Do you ever compare yourself to the Israelites, and think about how crazy they were? And how you are so much smarter, and would never question God the way they did? I mean, God was making bread rain down from heaven for a food supply in the desert, and leading them around in a cloud by day and a pillar of fire by night. Yet they still doubted Him so much that they started worshiping an inanimate object – a golden calf made of earrings and such – right in the midst of the glaringly obvious presence of God Himself. They simply did not trust Him, although His provision was quite evident, at least to those of us who read about it now.
in Numbers 14, the Bible tells us that the Israelites actually preferred to return to slavery in Egypt than to move forward into the new land God had promised them. A land flowing with milk and honey. What were they thinking?! They were afraid of the unknown, and I sure can relate to that. The majority of the Israelite spies that scouted out the Promised Land came back with reports of terrifying giants with strength that could not be overcome, not even with God on their side. There are so many things that I've viewed in the same light, in my own life. "I can't do this. It's too hard. I'm not strong enough. It's impossible."

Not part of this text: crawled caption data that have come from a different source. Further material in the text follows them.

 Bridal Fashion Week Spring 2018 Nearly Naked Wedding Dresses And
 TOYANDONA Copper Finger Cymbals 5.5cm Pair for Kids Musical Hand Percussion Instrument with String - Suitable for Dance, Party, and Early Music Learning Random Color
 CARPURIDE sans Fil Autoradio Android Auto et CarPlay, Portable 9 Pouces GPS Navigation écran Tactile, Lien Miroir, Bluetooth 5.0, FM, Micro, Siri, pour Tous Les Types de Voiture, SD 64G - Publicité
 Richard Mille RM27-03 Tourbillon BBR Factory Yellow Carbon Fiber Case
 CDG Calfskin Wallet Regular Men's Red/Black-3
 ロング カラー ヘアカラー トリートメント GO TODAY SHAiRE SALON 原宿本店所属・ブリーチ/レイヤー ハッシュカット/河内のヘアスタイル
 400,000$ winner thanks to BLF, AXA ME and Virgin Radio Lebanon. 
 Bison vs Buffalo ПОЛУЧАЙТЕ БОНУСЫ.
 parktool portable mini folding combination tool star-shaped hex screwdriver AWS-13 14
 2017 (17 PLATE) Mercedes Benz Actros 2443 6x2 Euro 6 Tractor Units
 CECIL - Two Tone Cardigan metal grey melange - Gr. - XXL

I wonder how many things God has wanted for my life that have not come to pass because I didn't trust. To this point, I have been just like the Israelites. But I don't want to die out in the wilderness with the Promised Land just over the horizon. I want to be like Caleb the spy, who brought back a good report of the Promised Land and believed that God would be faithful in fulfilling His promise and helping them to succeed, even in the face of adversity. In Numbers 14:24, God described Caleb like this: "But my servant Caleb, because he has a different spirit and has followed me fully, I will bring into the land into which he went, and his descendants shall possess it." I want to reach the blessing God has promised me if I just trust wholeheartedly and obey. My trials and tribulations (wandering around in the desert, if you will) right now are teaching me to have faith so that I can step into His promises.
I'm going to follow God fully. Even if things are uncertain. Even if it's scary. Even when I don't think I can do it.
Because the Bible says in 2 Corinthians 12:9: "But He said to me, 'My grace is sufficient for you, for My power is made perfect in weakness.” Therefore I will boast all the more gladly of my weaknesses, so that the power of Christ may rest upon me.'"
I'm leaving Egypt and my former slavery behind, and claiming the freedom that is already mine in Christ. I'm not strong enough. But God sure is.